Some might argue that leadership and management are generic topics and that managing a university is the same as managing a business. This is a fallacious argument. Universities have their own cultures, practices, and organization arrangements. These differ significantly from companies and even government bureaucracies. Their operational objectives are much more difficult to measure or quantify, and the “outcomes” are even tougher to discern. The university is a collegial institution where the professoriate has traditionally had considerable input into the governance and management of their institution. University leaders and managers tend to come from the scholarly ranks of the academic profession. Universities are for the most part not-for-profit institutions.

It is certainly the case that universities are large complex organizations and that managing them requires specialized knowledge and skill.

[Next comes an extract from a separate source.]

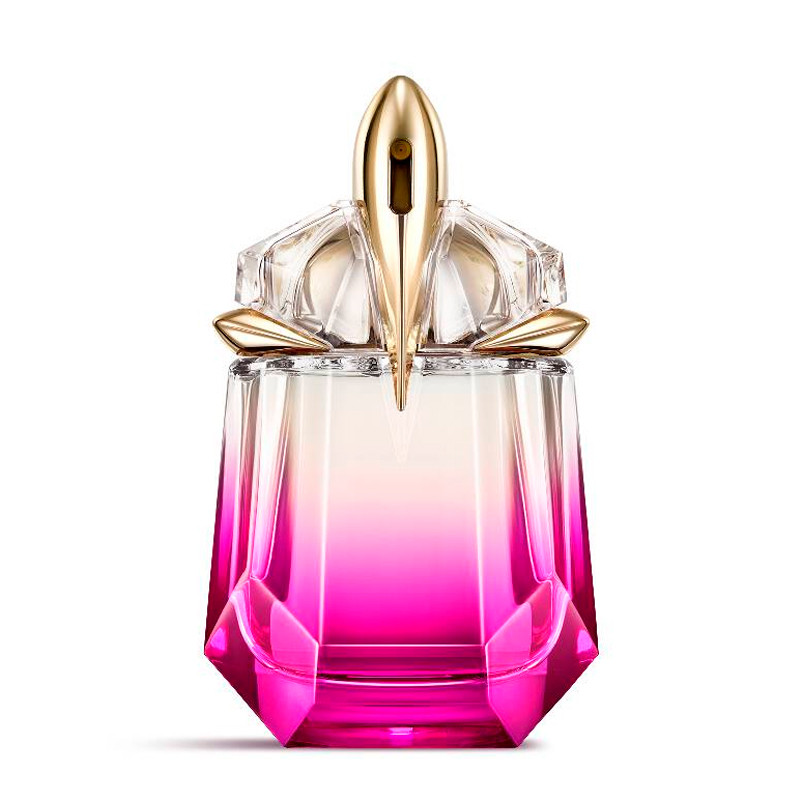 Mugler Alien Pulp - 30 Ml Eau De Parfum Damen Parfum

Contemporary business models may be useful in managing academic institutions to a point. Those responsible for university management and leadership would benefit from understanding how complex organizations work and from acquiring skills in finance and accounting, but the fact remains that academic institutions are in many ways unique.

American university management has been professionalized for a long time. Higher education programs at the masters and doctoral levels exist at perhaps 100 American universities, and a large number of middle-level administrators and even some senior leaders hold degrees in higher education administration. Typically, these programs combine courses that address the specific realities of academic institutions along with study of management issues. Most are housed in schools of education and a few have links with business or management schools. These programs are able to link expertise on administration, management, and leadership to the specific realities of higher education.

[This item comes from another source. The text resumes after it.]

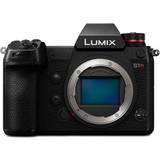 Digitalkameror Panasonic Lumix DC-S1R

Top academic leaders still come from the ranks of professors, and this is likely to continue to be the case. Indeed, as Amanda Goodall has pointed out in her book, Socrates in the Boardroom: Why Research Universities Should be Led by Top Scholars (Princeton, 2009), the best academic leadership comes from people who understand universities and have been successful academics. University vice chancellors, rectors, and presidents could certainly benefit from some professional management training. Some countries and institutions offer short seminars for incoming top academic leadership—focusing in most cases on the nuances of the modern university rather than the techniques of management. Such programs are seldom conducted by management schools.

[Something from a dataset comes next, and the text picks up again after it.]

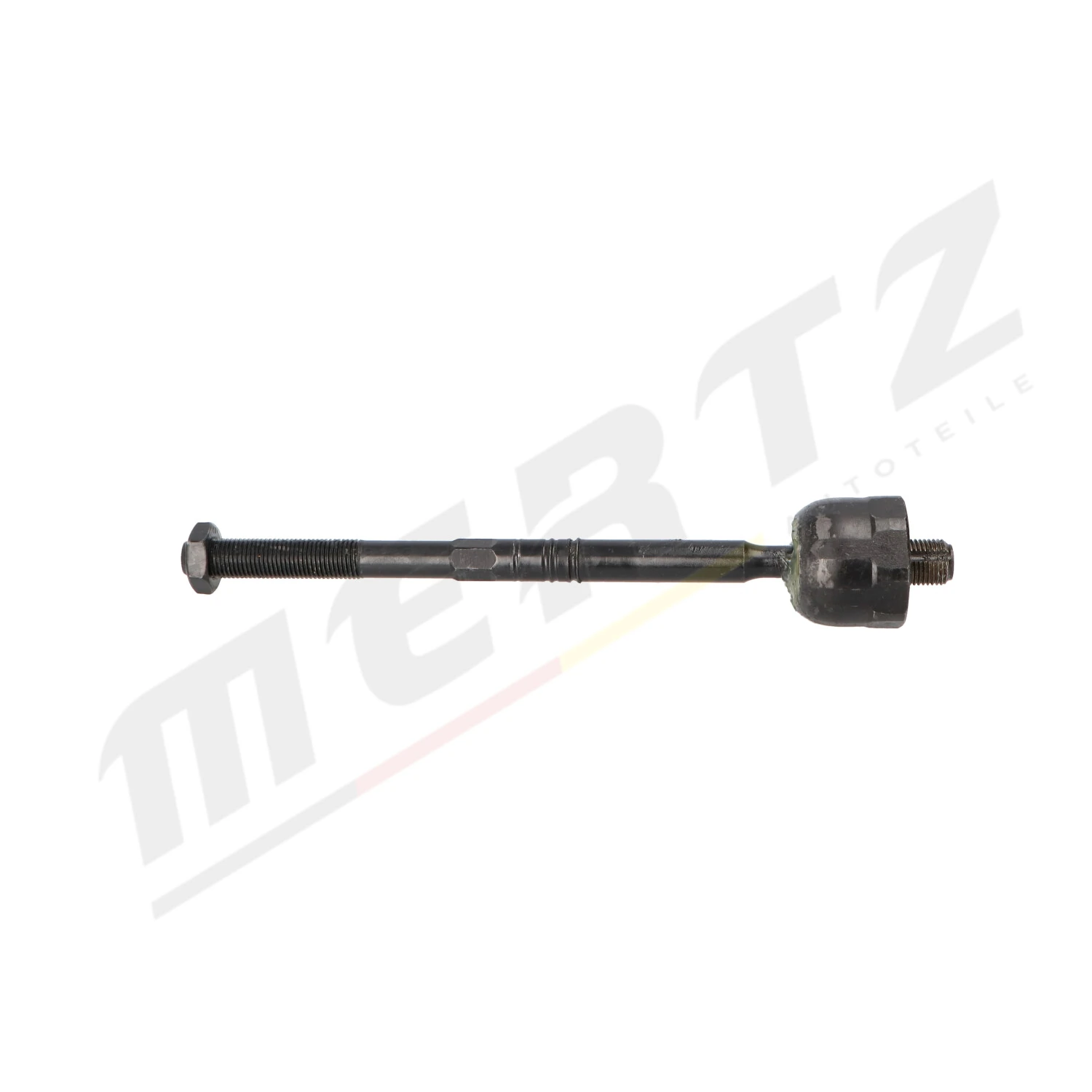 Inner Tie Rod M-S1783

If Indian academic leaders are to be encouraged to develop broader perspective on university management and leadership skills, it should probably not be done exclusively by institutions without expertise in higher education. One of the problems of higher education these days is that individuals often think they are experts on universities if they have attended one—this is certainly not the case. Universities are complex and unique organizations. University leaders must understand and respect this if they are to be successful. Efforts to educate academic leaders and university administrators about their jobs must take into account the nuances and values of academic life and institutions. Exposure to business practices is not enough and may even subvert academic goals and success.